Rapporti tesi tra il Viminale e i carabinieri Il ministro Pisanu riferirà alla Camera


ROMA. Quando oggi il ministro dell’Interno Giuseppe Pisanu aprirà la riunione del Comitato nazionale per l’ordine e la sicurezza non cercherà soltanto gli elementi per riferire domani alla Camera sull’assassinio brigatista di Castel Fiorentino. Il ministro, chiamando a raccolta i massimi responsabili della prevenzione, della sicurezza e dell’ordine pubblico, vorrà anche sapere chi, come e perché era sulle tracce di Nadia Desdemona Lioce e Mario Galesi. Vorrà sapere perché tre agenti, sia pure con esperienza, della polizia ferroviaria si sono trovati faccia a faccia con la disperazione del «tanto peggio, tanto meglio» delle Brigate rosse. Perché dal carcere di Trani sono stati trasferiti in fretta e furia, già l’altra sera, otto brigatisti irriducibili. Avevano, come in passato, contatti con gli irriducibili all’esterno? Erano in grado di partecipare alla discussione ideologiche che negli ultimi anni ha giustificato le più varie alleanze pur di rimettere in piedi il Partito comunista combattente? Ecco perché qualcuno comincia a pensare al regime di carcere duro dei mafiosi, il cosidetto 41 bis, anche per i terroristi. Tutte queste cose il ministro dell’Interno le vorrà sapere perché, come avviene da decenni, le indagini sul terrorismo procedono e rallentano secondo logiche spesso contraddittorie.

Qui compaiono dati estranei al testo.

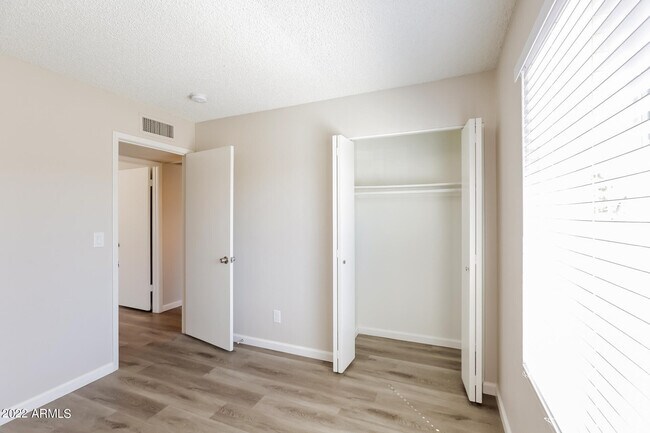 Building Photo - 13232 N 56th Ave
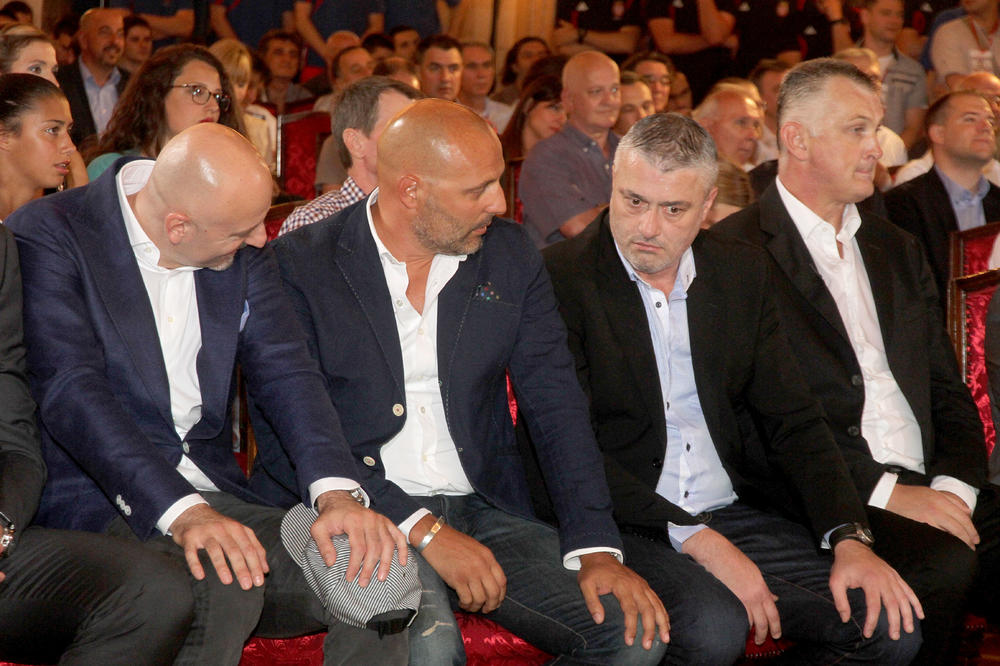 LEGENDA CRNO-BELIH HVALI ZVEZDU: Čudi me Milan Tomić, u Partizanu trener ne može da igra!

Si è sparsa ieri la voce che i Ros dei carabinieri seguissero da tempo i due brigatisti, che fosse stato individuato da tempo un covo romano. «Allora perché non li hanno arrestati? Perché non sono intervenuti? O diranno che ancora una volta gli abbiamo guastato l’indagine, altrimenti sgominavano le Brigate rosse?», c’è chi sbotta nei corridoi del Dipartimento sicurezza al Viminale. Vorrà sapere il ministro dell’Interno quanti sono davvero i brigatisti in libertà. Che pericolo rappresentano. Sono 150, come risulta dai conteggi dele inchieste giudiziarie e degli analisti dei servizi? Oppure 25 come sostiene il sottosegretario all’Interno Alfredo Mantovano? Oppure 40 come calcola Massimo Brutti, sottogretario nel precedente governo con delega alla polizia? «Non brancoliamo più nel buio.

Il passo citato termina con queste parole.